À l’opposé de cette grotesque novlangue « verdâtro-libérale » », est-il besoin de rappeler que la trottinette exige, pour ses batteries, d’intensifier l’extraction du lithium et va, en outre, entrainer la mise au rebut régulière de contingents de lots ?

 

C’est encore être aveugle à l’extension silencieuse de conditions de travail dégradantes, voyant des journaliers assurer le transfert simultané de plusieurs engins de façon empirique et périlleuse. Il serait temps de saisir que les effets pernicieux de l’innovation numérique, ce ne sont pas tant des menaces sur notre vie privée – souci limité à sa seule personne, tellement à l’image de notre temps –, mais les conditions d’existence en commun, dont l’intégrité se trouve bafouée au nom des impératifs supérieurs d’une marchandisation à tous crins et d’un utilitarisme toujours plus généralisé.

 

Vu la démission indigne des politiques, il nous revient de faire œuvre d’une politique du quotidien, de défendre sans relâche la sauvegarde des modes de vie et des principes auxquels nous tenons.
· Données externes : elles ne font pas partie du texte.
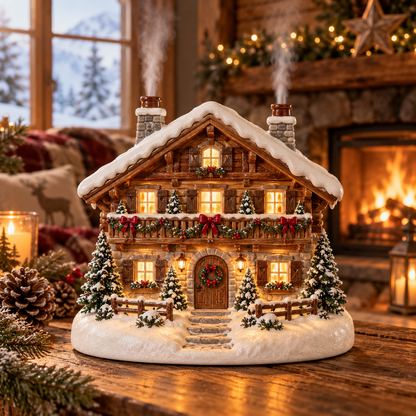 🎅Christmas Village Aroma Diffuser – Glowing Holiday House with Chimney Mist & Essential Oil Scent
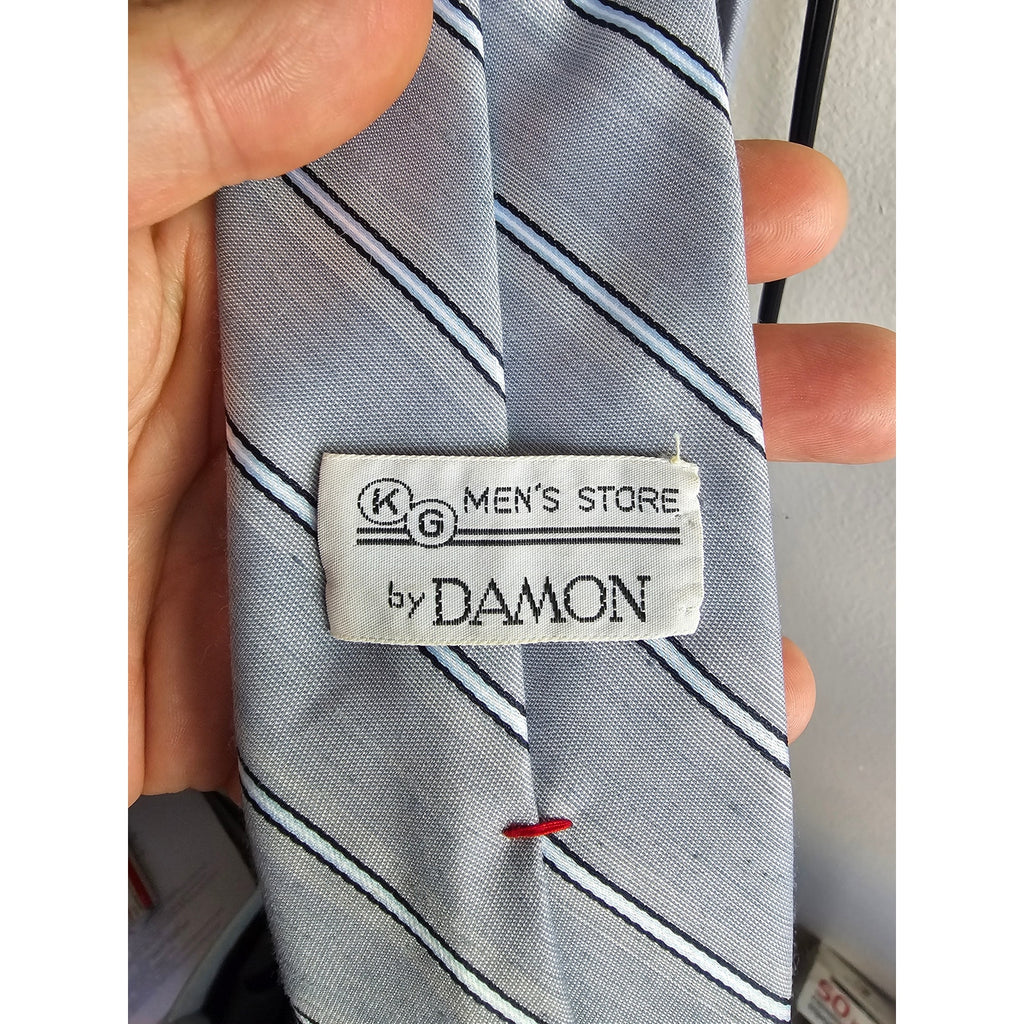 Vintage Damon Men's Necktie - Grey w/Stripes - 56" Long x 2-3/4" Wide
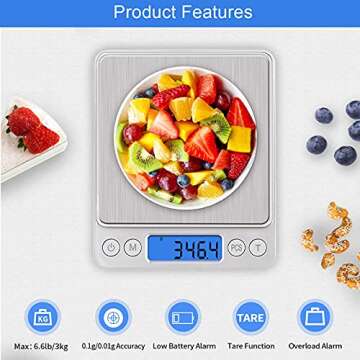 UNIWEIGH Digital Kitchen Scale,3kg/0.1g Pocket Food Scale Measure in Grams and oz for Loss Weight,Co...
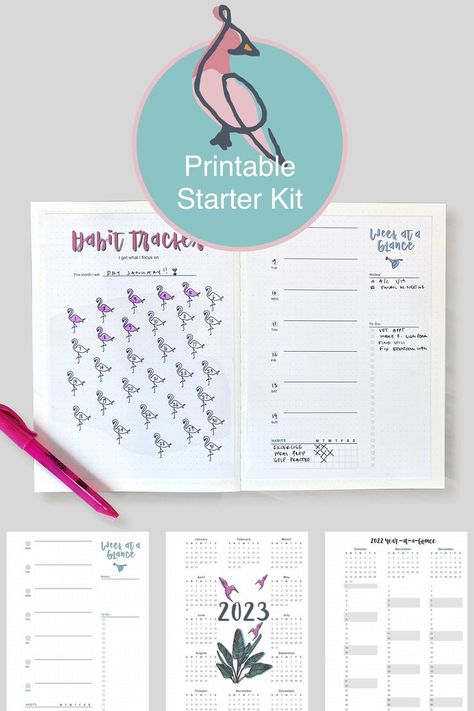 Beautiful bullet journal in a snap. Print this starter kit for an easy way to start bullet journaling and get more organized. Built Journal, Bujo Printables, Bullet Journal Starter Kit, Journal Starter Kit, Journal 2023, Dry January, Bullet Journal Aesthetic, Weekly Spread, Journal Aesthetic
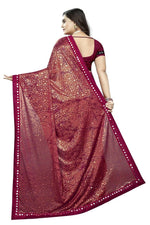 Thumbnail for Vamika Red Lycra Designer Saree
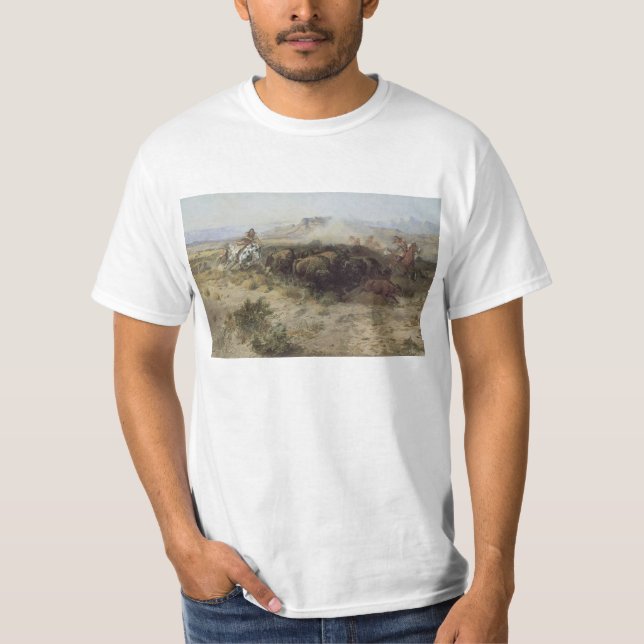 Camiseta Cacería de búfalos No. 26 de CM Russell, Indios de (Anverso)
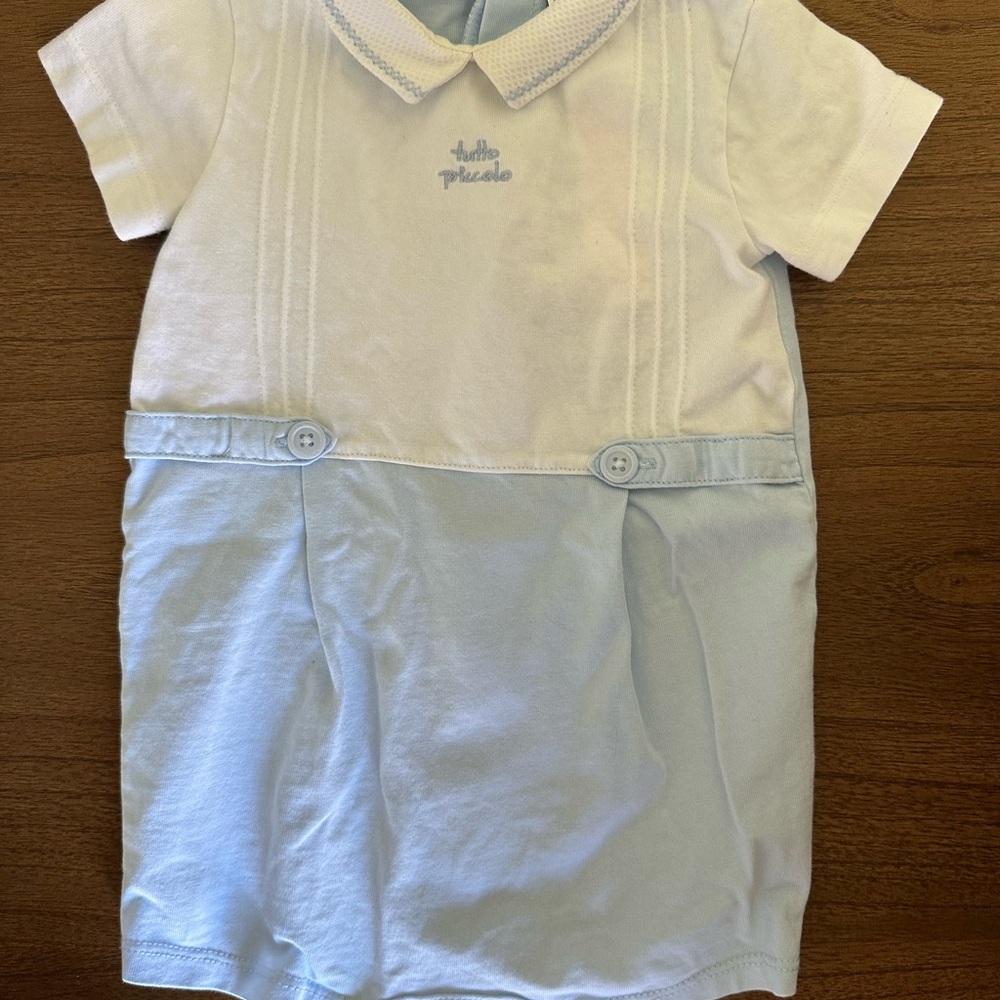 Tutto picolo White and Light Blue Baby Romper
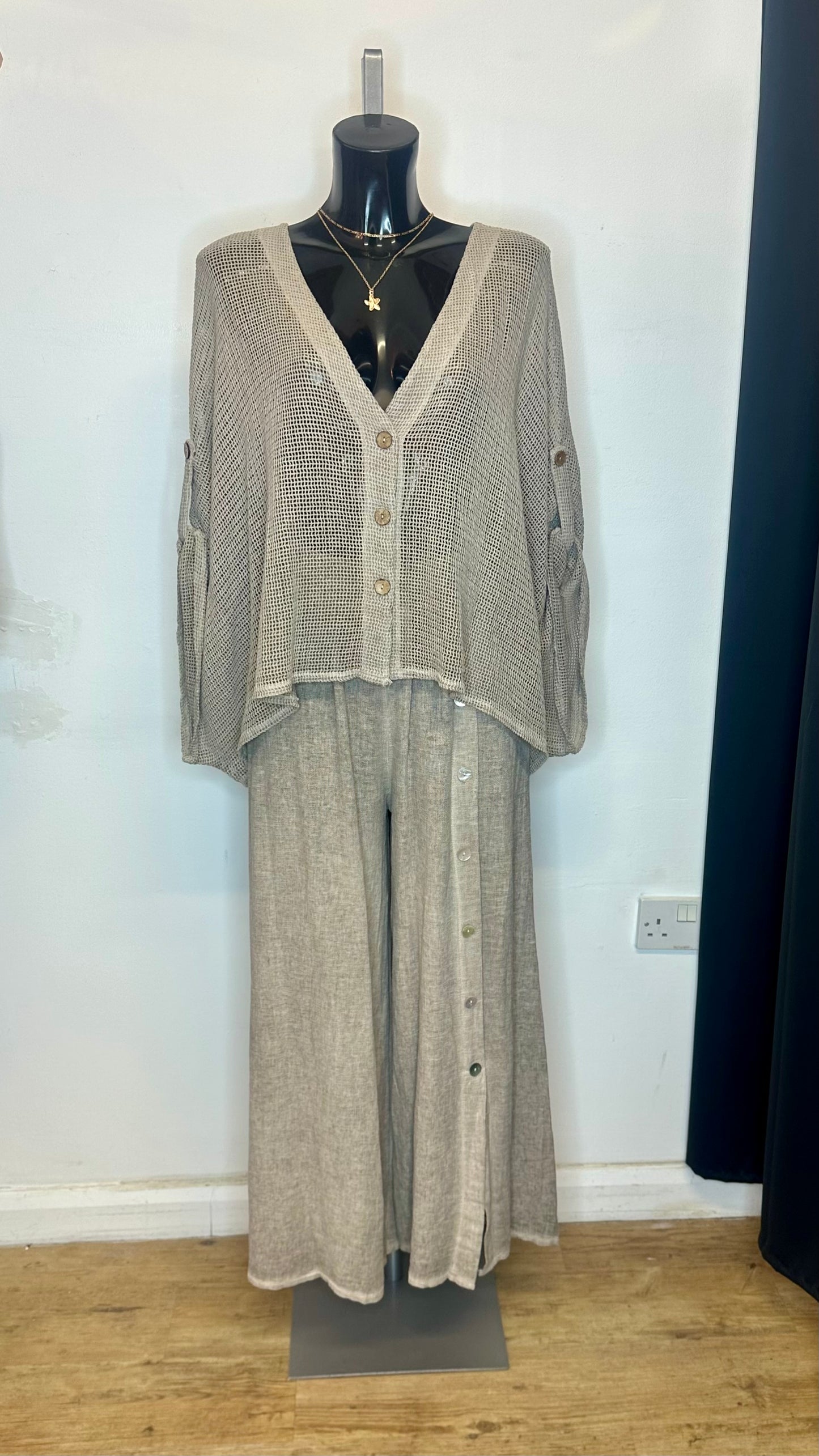 Cotton Mesh Button Top / Cardigan  - Mesh Colour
Une libre et paisible promenade au milieu de ses semblables par exemple, qui, même si elle revêt le tort de ne générer aucun cycle de rotation du capital, représente un de ces rares moments où l’on éprouve le réel avec toute la richesse de sa sensibilité et où au hasard d’un regard bienveillant ou d’un geste de politesse inopiné, l’on se dit que quelque chose comme une société continue peut-être d’exister.